# Task to carry out:
Give the data again exactly, without images.

# Material provided:
----------------

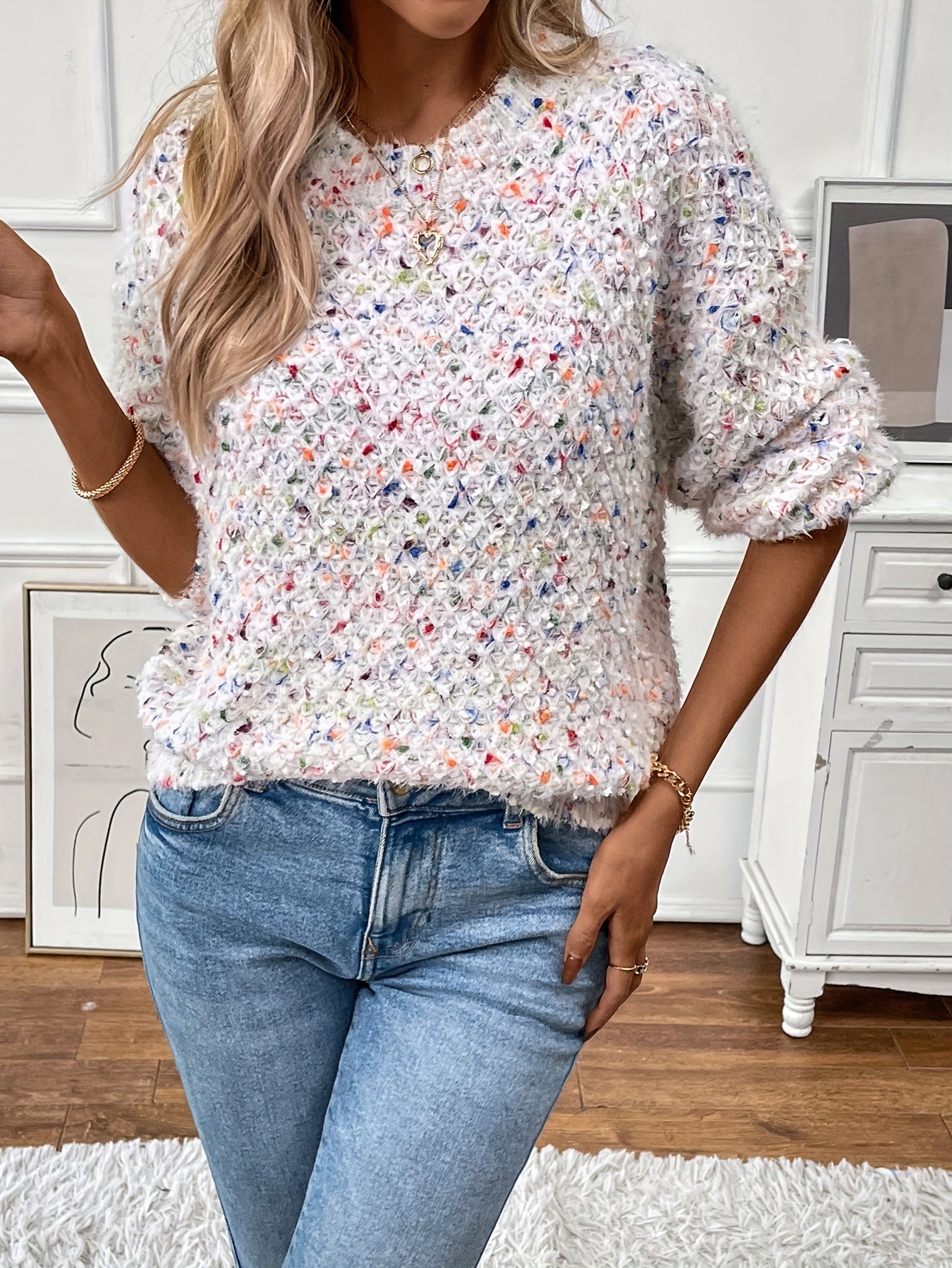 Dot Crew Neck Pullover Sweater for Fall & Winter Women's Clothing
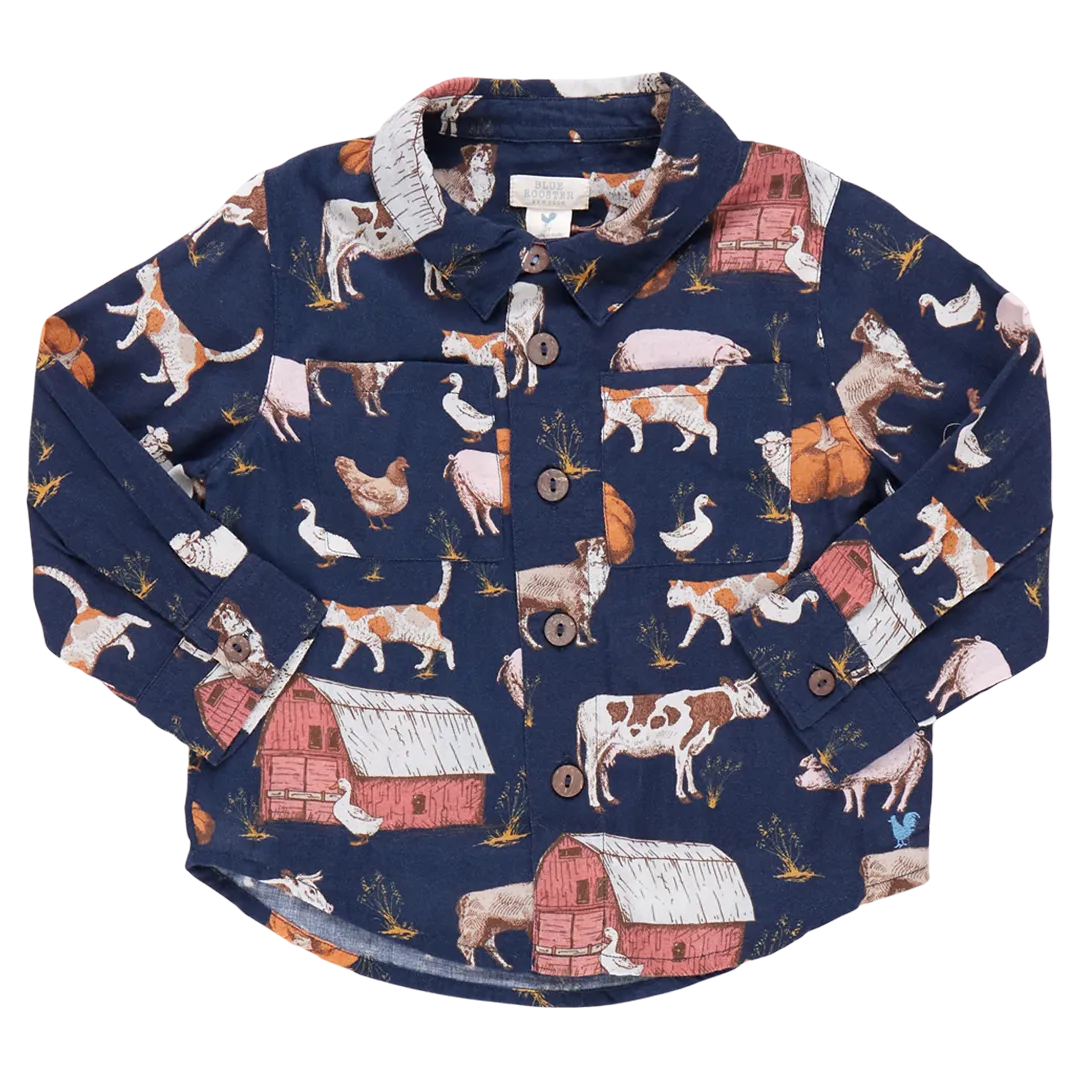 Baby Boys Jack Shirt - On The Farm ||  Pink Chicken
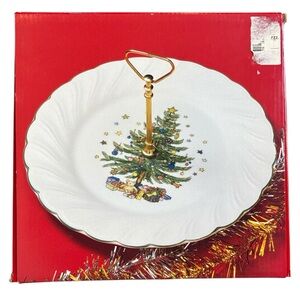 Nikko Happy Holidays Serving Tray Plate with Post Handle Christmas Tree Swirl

----------------

# Answer section:
 Dot Crew Neck Pullover Sweater for Fall & Winter Women's Clothing
 Baby Boys Jack Shirt - On The Farm ||  Pink Chicken
 Nikko Happy Holidays Serving Tray Plate with Post Handle Christmas Tree Swirl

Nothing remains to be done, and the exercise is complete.